What to work on:
Within the entries below, please return exactly the lines from the one with "Imagem 5: Apartamento" through the one with "El misterio de la isla de Tokland", leaving out any pictures.

Dataset records:
BEGIN

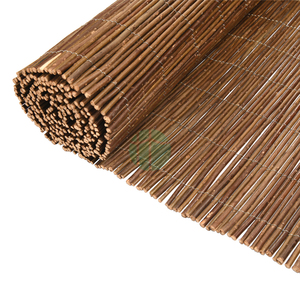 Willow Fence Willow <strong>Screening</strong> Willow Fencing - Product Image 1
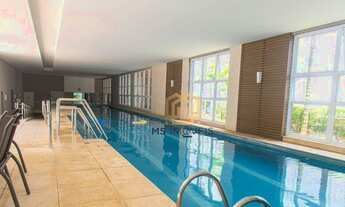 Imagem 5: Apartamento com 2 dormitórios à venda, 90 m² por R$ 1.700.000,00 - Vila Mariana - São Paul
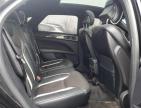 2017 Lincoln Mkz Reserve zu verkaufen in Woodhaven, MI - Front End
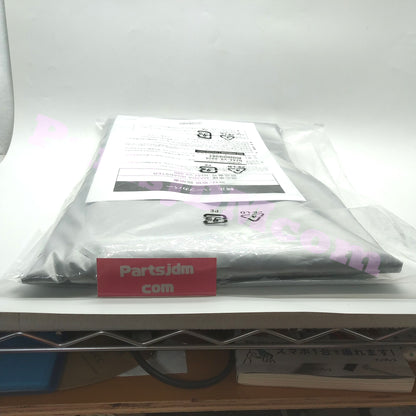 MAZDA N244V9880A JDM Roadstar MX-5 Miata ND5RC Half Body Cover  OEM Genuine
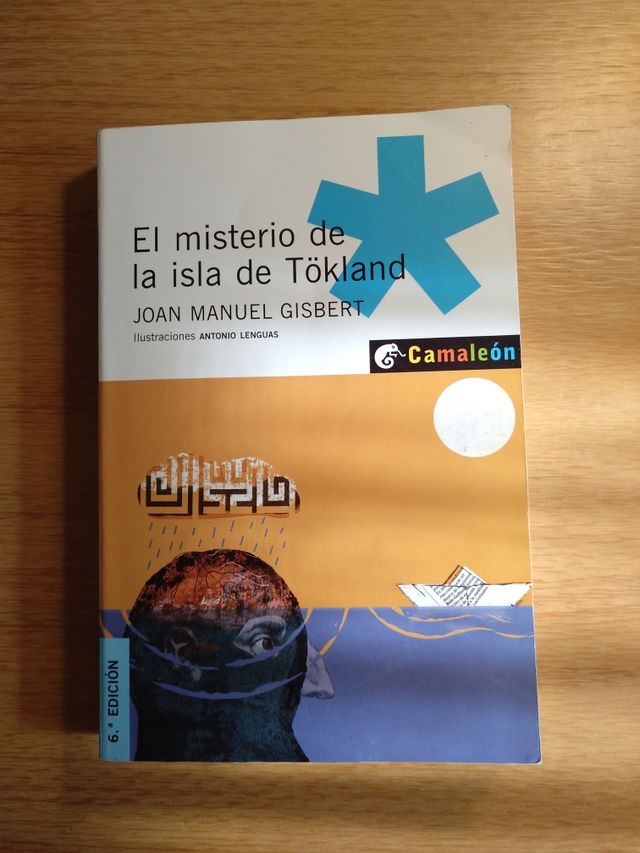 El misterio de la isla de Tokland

END
BEGIN

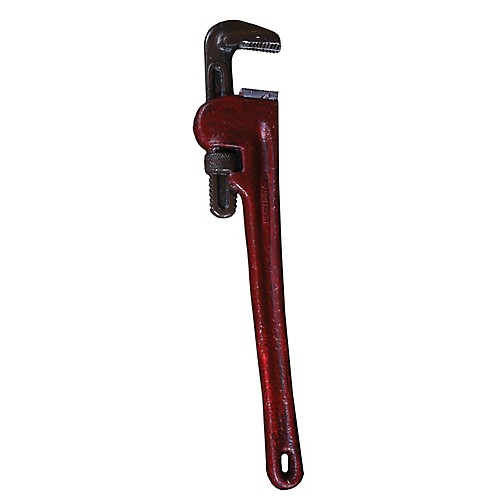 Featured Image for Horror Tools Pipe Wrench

END
BEGIN

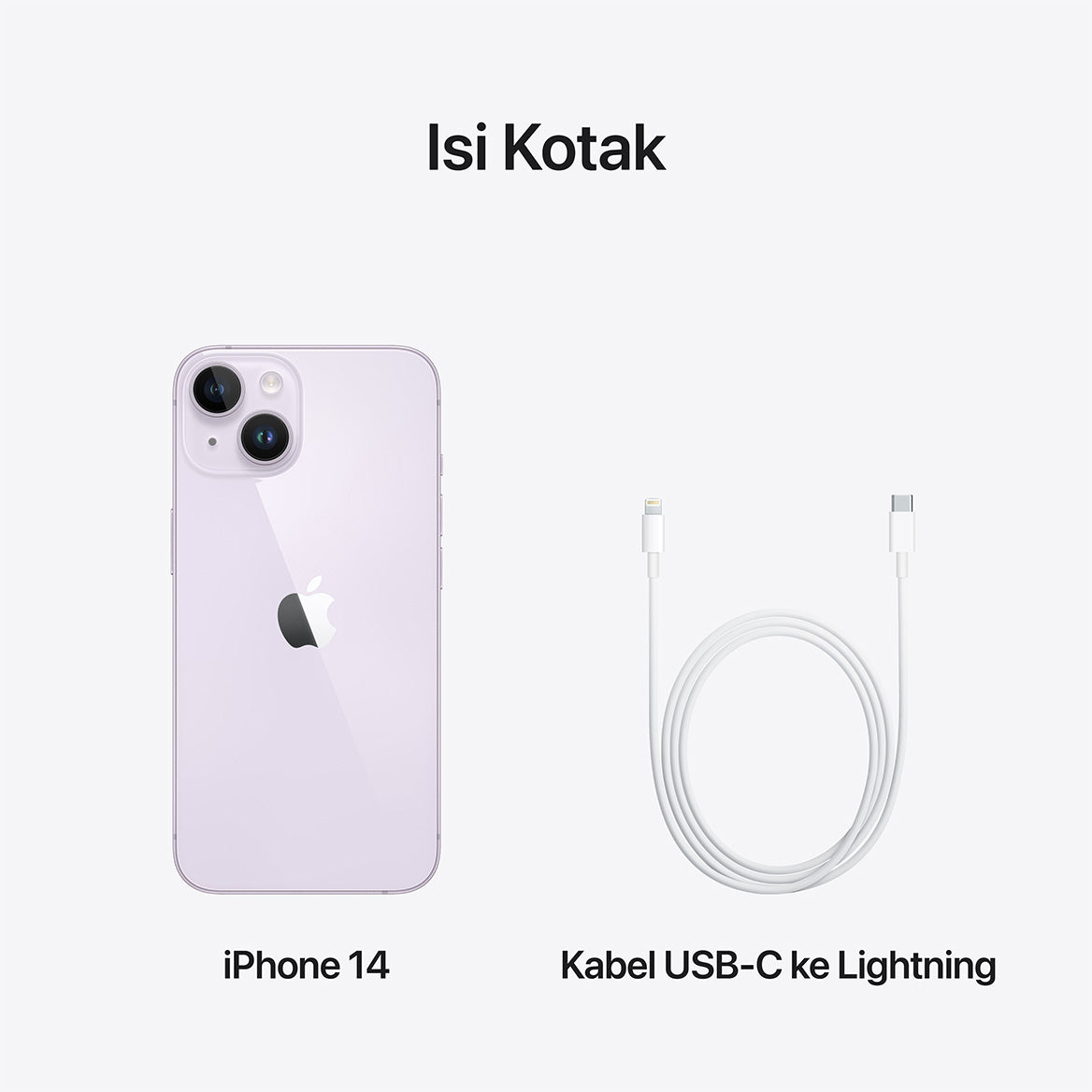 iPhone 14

END

Solution to this problem:
 Imagem 5: Apartamento com 2 dormitórios à venda, 90 m² por R$ 1.700.000,00 - Vila Mariana - São Paul
 2017 Lincoln Mkz Reserve zu verkaufen in Woodhaven, MI - Front End
 MAZDA N244V9880A JDM Roadstar MX-5 Miata ND5RC Half Body Cover  OEM Genuine
 El misterio de la isla de Tokland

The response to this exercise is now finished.